U.S. companies on Friday faced calls to cut ties with Turkish armed drone manufacturer Baykar Makina.
The Turkish Democracy Project (TDP), a U.S.-based campaigns and policy organisation, said Baykar Makina’s Bayraktar TB2 drones had “become a weapon of choice for repressive regimes around the world” and had been used in “attacks on civilians in Armenia while prolonging bloody conflicts in Syria and Libya”.
Turkey was now the fourth-largest drone builder in the world after successfully expanding its domestic programme over the last 20 years, according to TDP.
The organisation also charged Turkish President Recep Tayyip Erdoğan with assaulting his “country’s democratic infrastructure” and “pursuing a foreign policy which is no longer tethered to NATO values”.
“In Erdoğan ‘s hands, the TB2 drone has become a tool of oppression and violence, while Baykar Makina continues to do deals with regimes that deploy their technology against civilians,” it added.
In letters to companies whose technology is used to manufacture Bayraktar TB2s, TDP CEO Mark D. Wallace pointed to the drones track record of use against Armenian civilians in last year’s Nagorno-Karabakh war and Kurdish-led forces battling the Islamic State in Syria.
U.S. companies doing business with Turkish arm firms risked breaching the Countering American Adversaries Through Sanctions Act (CAATSA), TDP said.
Introduced in 2017, CAATSA legislation mandates sanctions against any country that buys significant quantities of Russian military equipment.
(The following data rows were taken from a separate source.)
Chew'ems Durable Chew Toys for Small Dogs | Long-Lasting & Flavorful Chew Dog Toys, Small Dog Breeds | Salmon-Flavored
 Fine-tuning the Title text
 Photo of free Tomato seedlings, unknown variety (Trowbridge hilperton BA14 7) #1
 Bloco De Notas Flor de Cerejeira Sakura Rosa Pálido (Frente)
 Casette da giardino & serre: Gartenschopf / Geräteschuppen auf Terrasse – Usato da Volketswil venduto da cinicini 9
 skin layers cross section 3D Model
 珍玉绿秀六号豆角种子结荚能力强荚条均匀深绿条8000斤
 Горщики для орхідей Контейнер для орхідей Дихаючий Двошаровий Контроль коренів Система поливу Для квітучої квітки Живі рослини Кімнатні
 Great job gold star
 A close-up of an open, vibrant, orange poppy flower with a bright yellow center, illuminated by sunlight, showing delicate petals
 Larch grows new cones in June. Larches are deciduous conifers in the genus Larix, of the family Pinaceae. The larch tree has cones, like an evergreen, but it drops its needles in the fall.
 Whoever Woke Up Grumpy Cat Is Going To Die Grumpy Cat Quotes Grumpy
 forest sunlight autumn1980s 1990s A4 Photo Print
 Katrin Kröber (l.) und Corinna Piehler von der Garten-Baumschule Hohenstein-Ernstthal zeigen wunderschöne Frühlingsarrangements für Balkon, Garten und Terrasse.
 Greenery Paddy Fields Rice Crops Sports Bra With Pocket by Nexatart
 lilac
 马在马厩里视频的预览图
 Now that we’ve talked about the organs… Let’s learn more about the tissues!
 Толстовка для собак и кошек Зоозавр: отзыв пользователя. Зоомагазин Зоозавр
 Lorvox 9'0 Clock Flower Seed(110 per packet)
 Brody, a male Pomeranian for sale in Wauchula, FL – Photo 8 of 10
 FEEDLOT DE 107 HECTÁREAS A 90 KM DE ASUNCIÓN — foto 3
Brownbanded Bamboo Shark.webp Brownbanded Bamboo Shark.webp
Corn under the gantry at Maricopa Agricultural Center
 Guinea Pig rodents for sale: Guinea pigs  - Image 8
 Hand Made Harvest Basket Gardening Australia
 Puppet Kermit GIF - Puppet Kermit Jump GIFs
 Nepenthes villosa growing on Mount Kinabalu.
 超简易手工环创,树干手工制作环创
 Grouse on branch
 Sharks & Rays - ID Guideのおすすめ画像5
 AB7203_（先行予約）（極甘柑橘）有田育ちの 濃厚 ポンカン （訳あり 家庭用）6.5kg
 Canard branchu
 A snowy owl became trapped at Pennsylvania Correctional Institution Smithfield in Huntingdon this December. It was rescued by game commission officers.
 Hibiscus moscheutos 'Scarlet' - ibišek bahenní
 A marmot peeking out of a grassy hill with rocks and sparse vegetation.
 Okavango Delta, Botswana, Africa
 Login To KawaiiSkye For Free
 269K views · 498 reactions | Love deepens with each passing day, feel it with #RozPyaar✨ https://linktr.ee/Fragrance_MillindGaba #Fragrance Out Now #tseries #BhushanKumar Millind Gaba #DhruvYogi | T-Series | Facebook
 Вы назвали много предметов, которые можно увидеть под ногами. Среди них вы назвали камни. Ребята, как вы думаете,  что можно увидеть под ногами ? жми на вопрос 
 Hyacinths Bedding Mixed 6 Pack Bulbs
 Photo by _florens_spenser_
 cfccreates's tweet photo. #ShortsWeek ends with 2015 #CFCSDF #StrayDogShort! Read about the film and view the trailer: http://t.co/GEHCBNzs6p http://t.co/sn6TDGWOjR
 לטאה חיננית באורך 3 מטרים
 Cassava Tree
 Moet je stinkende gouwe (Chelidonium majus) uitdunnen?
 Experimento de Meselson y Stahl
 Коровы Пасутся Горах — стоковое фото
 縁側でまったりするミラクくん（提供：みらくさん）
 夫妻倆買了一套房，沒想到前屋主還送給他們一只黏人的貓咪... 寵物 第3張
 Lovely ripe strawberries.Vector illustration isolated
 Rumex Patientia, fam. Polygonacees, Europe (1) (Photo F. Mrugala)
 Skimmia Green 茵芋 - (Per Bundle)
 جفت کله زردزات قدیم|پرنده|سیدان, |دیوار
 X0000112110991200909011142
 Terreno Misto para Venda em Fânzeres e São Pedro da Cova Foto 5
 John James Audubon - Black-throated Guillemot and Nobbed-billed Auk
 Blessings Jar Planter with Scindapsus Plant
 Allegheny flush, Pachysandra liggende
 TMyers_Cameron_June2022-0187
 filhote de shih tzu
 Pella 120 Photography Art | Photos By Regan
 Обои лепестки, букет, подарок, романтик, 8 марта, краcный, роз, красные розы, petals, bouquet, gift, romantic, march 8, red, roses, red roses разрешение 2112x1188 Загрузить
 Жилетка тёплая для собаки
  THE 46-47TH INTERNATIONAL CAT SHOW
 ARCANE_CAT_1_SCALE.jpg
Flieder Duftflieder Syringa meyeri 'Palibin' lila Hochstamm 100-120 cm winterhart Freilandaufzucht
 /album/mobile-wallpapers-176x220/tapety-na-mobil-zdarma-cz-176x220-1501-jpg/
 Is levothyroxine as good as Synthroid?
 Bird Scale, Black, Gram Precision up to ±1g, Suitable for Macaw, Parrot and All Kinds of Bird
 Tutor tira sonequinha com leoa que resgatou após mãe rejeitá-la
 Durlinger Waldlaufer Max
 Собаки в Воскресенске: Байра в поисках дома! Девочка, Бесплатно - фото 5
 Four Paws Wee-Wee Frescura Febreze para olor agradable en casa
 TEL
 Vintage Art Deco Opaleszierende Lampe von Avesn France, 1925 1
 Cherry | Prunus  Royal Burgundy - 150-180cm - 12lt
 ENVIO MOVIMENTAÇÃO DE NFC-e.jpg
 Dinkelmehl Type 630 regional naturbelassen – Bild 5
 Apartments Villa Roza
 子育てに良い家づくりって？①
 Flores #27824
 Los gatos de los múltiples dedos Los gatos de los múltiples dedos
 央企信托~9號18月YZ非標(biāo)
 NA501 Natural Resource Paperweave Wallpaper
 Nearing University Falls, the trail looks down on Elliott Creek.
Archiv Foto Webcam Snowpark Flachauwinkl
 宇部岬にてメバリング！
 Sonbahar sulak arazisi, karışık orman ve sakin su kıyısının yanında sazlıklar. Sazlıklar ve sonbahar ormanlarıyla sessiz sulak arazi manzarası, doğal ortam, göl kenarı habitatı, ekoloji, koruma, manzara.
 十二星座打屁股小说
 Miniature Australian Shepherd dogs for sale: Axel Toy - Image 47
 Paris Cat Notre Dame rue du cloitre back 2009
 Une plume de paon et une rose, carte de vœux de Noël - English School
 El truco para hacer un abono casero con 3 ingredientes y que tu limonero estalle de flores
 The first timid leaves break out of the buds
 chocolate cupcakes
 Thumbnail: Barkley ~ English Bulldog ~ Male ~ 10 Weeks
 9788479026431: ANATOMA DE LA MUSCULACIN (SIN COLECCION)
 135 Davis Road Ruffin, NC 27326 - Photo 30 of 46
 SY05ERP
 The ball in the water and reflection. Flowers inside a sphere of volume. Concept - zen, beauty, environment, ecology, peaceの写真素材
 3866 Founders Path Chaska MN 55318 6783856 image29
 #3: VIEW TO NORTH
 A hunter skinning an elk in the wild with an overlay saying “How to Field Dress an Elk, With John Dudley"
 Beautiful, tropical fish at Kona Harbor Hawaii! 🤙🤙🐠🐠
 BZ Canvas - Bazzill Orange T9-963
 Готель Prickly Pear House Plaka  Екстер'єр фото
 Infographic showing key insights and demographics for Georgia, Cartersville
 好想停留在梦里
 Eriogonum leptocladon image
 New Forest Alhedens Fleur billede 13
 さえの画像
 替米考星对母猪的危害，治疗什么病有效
CAATSA sanctions were slapped on Turkey in December 2020 over its purchase of Russian S-400 air defence missile systems.
“It should be a matter of serious concern to U.S. and European lawmakers that so many major domestic manufacturing, technology and defence companies have entered into business with Turkey’s military industrial complex,” Wallace said. “It is also worrying that when confronted with direct evidence of the crimes being committed using their products, these same companies have seen fit simply to ignore it.”
Aside from the “moral implications” of supplying drone components to Turkey, “most of these companies should face grave legal consequences for their action”, Wallace added.
“In refusing to cut ties with Turkey in the face of direct evidence of the crimes the Erdoğan regime is committing using their products, these companies are demonstrating that they do not take seriously the moral or legal implications of their actions,” he said.
The TDP listed companies yet to respond to their call to stop working with Baykar Makina, including Northrop Grumman, one of the worlds largest weapons manufacturers. At least five other firms had already cut ties, according to the organisation.